More recently, investment banks and other financial firms have taken affirmative-action steps to resolve some - but not all - of these practices. However, the constant specter of outsourcing is a new weapon for bullies to wield against their targets, and intimidation in subtler ways is growing, as well.
In one instance, a young male associate portfolio manager ran afoul of his superior when they were both attracted to the same female colleague. Instead of threatening him physically, as he might have in the old days, the boss attacked the associate's work. When the associate passed along research prepared ahead of a trade, the boss loudly proclaimed, "This has to be wrong," for all to hear, sometimes cursing for emphasis. The fact that each time the information proved to be correct didn't matter, the associate recalls. "In the financial industry," he says, "judgment is so important that even the unfounded perception you may lack it can cost you advancement."

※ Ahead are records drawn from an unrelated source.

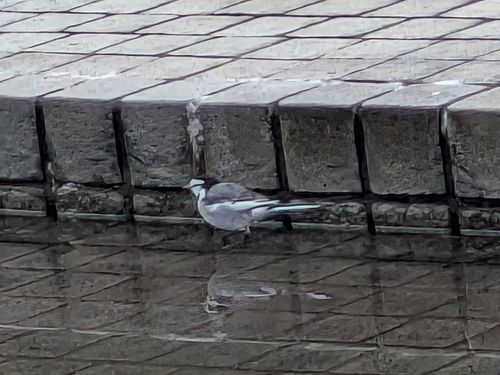 サクッとデイキャン。 庄内緑地 ソロキャンプ フリーサイト ぞのさんさんのキャンプブログ CAMPiii（キャンピー） -キャンプ専用SNS キャンプのすべてがここに集まる-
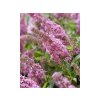 Trvalky Budleja dávidova Butterfly Candy Little Pink(4)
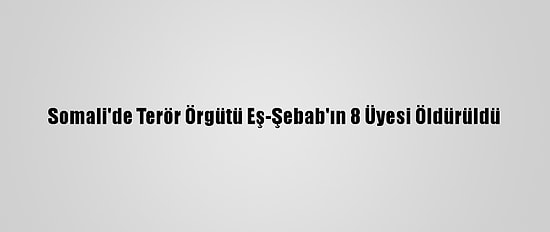 Somali'de Terör Örgütü Eş-Şebab'ın 8 Üyesi Öldürüldü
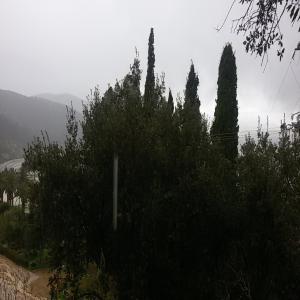 Génisses Pleines - animaux vivants bonjour,  je cherche un fournisseur éleveur de la race prim'hilstein pour faire importer des génisses pleines. tanger maroc.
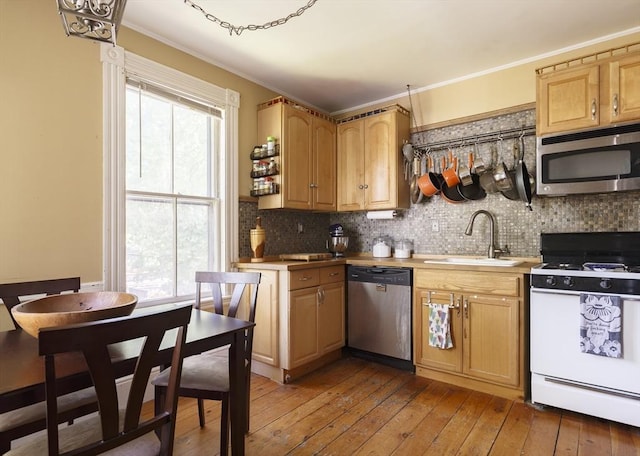 327 Lafayette St Unit 2, Salem, MA 01970 - kitchen with stainless steel appliances, backsplash, light wood-type flooring, ornamental molding, and light countertops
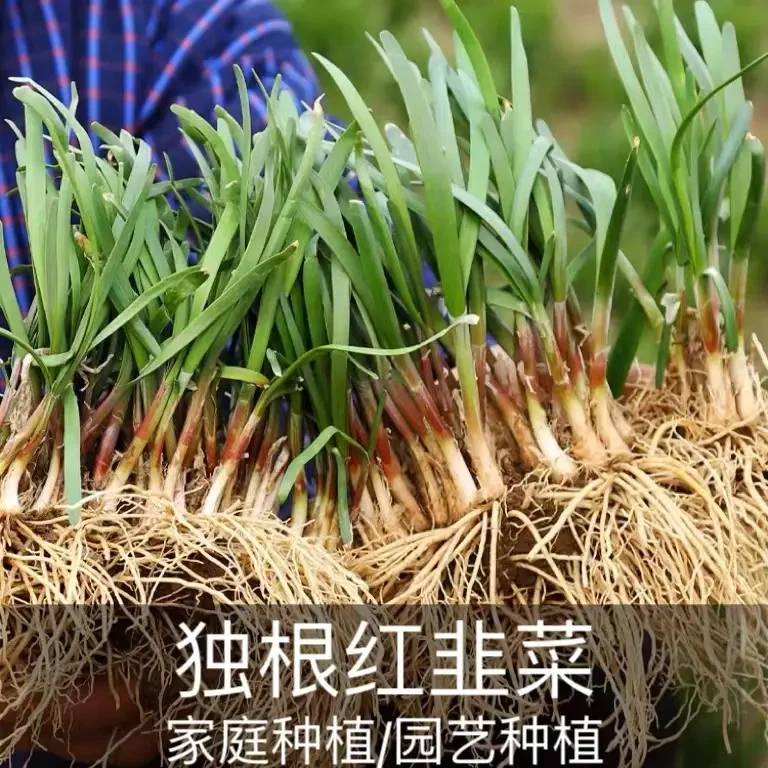 【独根红韭菜种子】红根老品种香味浓蔬菜籽四季阳台盆栽
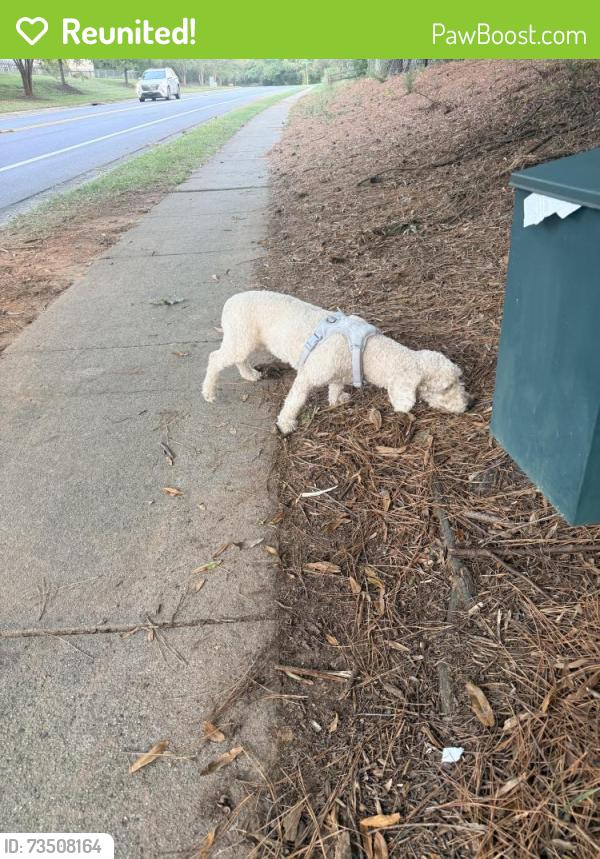 Reunited Male Dog last seen Cambridge Commons Drive near park, Charlotte, NC 28215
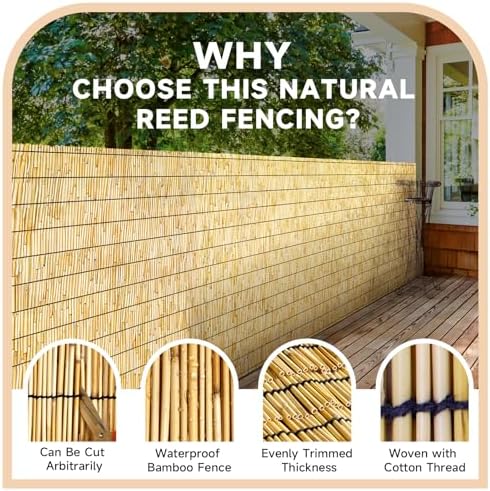 zncmrr reed fencing rolls 2 pcs natural bamboo, close-up detail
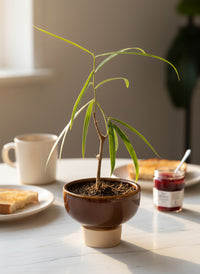 Bottle Tree Junior - Brachychiton Rupestris (Japan)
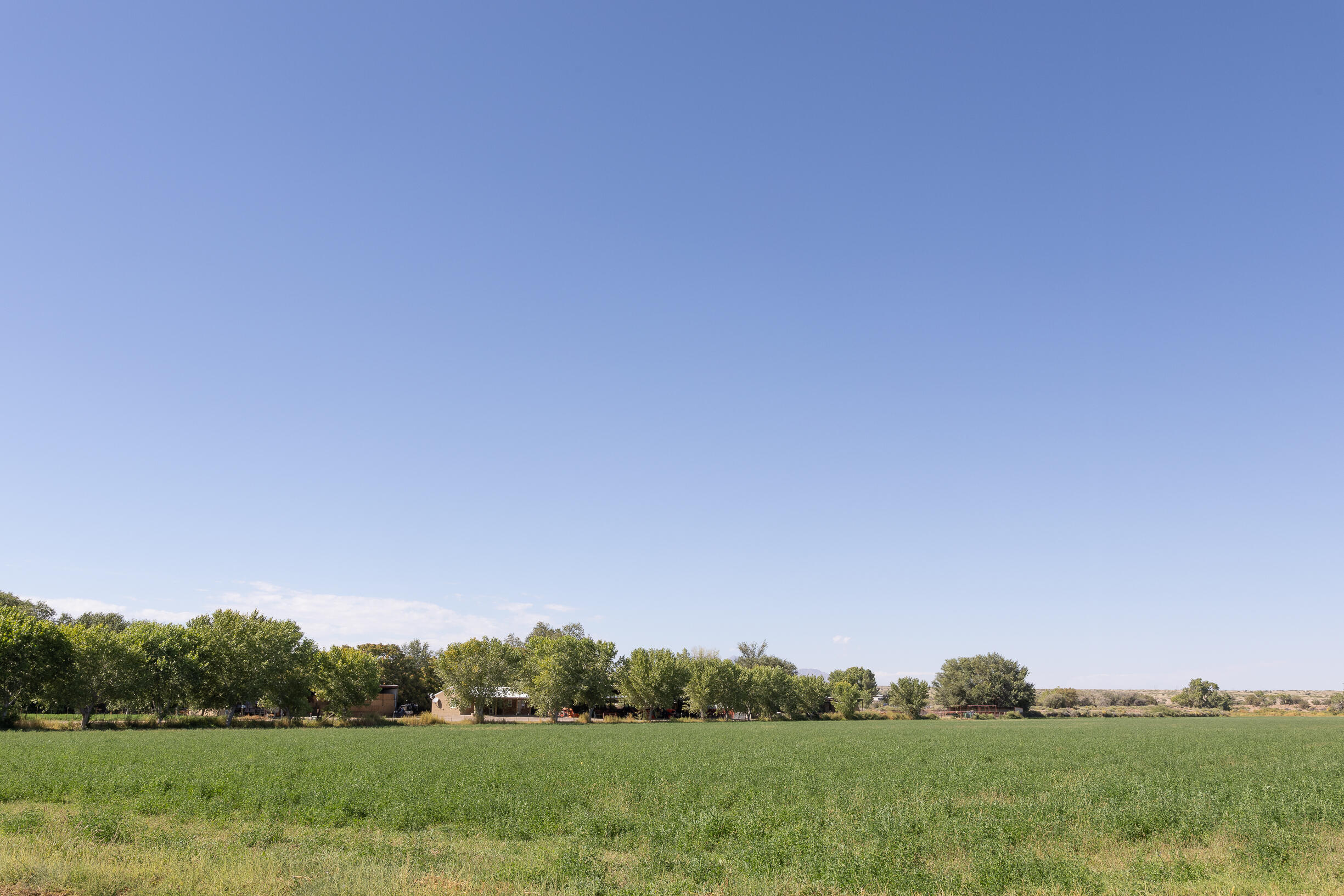 17 San Acacia Road, San Acacia, New Mexico image 6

The situation can get worse if such accusations make it onto the employee's U5 form, an exit form unique to those who are registered to sell securities, said Samuel J. Samaro, a partner with the Hackensack, N.J., law firm Pashman Stein, which specializes in employment law. If a bully should set you up to be axed, "the U5 could follow along behind you and impact your ability to find another job," he says.
What's the recourse? Our trader says, "Climb to the top of the food chain by learning everything you can about the business and gathering those advanced degrees. The bullies on Wall Street prey on fear."
In other words, the more you know, the less fear you give off for a bully to sniff out.